I also modified the code for a work around, which seems to work, but does not fix the problem

// RPM measure

  sum = sum + FreqMeasure.read();
  count = count + 1;
  //if (count > 0) {
    float frequency = FreqMeasure.countToFrequency(sum / count);

    //RPM = frequency/0.016;
    if (frequency >1 ){
    RPM = frequency/0.016;
    Serial.print(frequency);
    Serial.print ("----");
    Serial.println(RPM);
    display1.clear();
    display1.showNumberDec(RPM, false, 4, 4);
    }
    sum = 0;
    count = 0;

 

[h4yn0nnym0u5e]

So I tried the serial output example and it worked fine, same hardware and connection

Yes, because

  if (FreqMeasure.available()) {
…
    }

Your code does a read() regardless of whether a new value is actually available; that won’t work.

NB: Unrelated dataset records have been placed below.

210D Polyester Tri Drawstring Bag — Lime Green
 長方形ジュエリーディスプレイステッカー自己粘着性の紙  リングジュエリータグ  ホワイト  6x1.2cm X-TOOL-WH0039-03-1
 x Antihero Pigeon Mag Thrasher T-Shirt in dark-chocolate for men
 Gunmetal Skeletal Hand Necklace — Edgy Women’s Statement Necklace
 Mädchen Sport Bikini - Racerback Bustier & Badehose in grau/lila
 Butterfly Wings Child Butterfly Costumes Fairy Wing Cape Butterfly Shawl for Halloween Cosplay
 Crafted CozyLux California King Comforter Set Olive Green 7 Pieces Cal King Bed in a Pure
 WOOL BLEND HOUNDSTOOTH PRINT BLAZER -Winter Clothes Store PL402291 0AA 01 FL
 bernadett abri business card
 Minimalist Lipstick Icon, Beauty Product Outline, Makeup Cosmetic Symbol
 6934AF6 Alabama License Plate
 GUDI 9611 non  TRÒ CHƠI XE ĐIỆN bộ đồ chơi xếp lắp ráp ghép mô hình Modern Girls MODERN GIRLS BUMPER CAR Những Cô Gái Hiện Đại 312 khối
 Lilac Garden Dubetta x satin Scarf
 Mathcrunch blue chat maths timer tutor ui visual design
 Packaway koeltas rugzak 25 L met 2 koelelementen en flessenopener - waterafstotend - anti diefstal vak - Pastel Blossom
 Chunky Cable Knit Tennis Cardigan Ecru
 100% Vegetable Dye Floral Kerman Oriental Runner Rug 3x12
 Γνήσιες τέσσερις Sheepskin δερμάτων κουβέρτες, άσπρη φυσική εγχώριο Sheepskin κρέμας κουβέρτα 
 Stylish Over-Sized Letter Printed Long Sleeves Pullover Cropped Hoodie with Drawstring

Ate you really fitting a 1000ppr encoder, then only using the 1ppr index pulse to calculate the RPM? Seems an odd way to go about things to me…

 

[MorryStu]

if (FreqMeasure.available()) {

Of course......I knew it would be simple

Yes, I really am using a 1000ppr encoder and the 1ppr resolution for RPM.

Now for the reason.

If you use 1000ppr ( say you use 'A' or 'B' ) the individual pulses or not the same time spacing for each position, so you end up with a modulation on the output, so because FreqMeasure looks at the time between each pulse you end up with a display that changes so fast its unreadable. Yes you could average it out, but slows it down, remember you are dealing with 1000 pulses. And because the RPM value is only going to be an indicative display 1ppr works perfectly to give a nice smooth readable display

I use the A&B for the lathe spindle position encoder

Encoders , like the cheap Chinese ones, use a magnetic position sensor with a rotating diametric magnet. There is a diagram somewhere on the interwebs showing how the magnet fields influences the time spacing between each pulse. It happens every quadrant, so if you plot the output you get a sine wave equal to the time difference. Its a bit like phase modulation

 

[clinker8]

FreqMeasure will give you the revolutions per second. For RPM you need to multiply it by 60.

I made my own Electronic Lead Screw controller using a Teensy4.1 and the ILI9341. I use the 1024 PPR quadrature encoder high speed output and simply measure how many counts I get in 50ms. I mean, the count is already there, why not use it? Then the RPM is alpha filtered. It works well enough, better than the built in RPM on the lathe.

Any phase modulation on the encoder is averaged out. Besides, if you have significant phase modulation on a lathe, you have a bad motor controller, or no chuck at all. Most any inertial load will smooth it out.

I've used my ELS for two years now, there's no perceptible issues for either fine or coarse pitch threads. I have implemented feeding, threading, feed to stop, and thread to stop, for all feeds and threads, metric and imperial. Now working on multi-start threading.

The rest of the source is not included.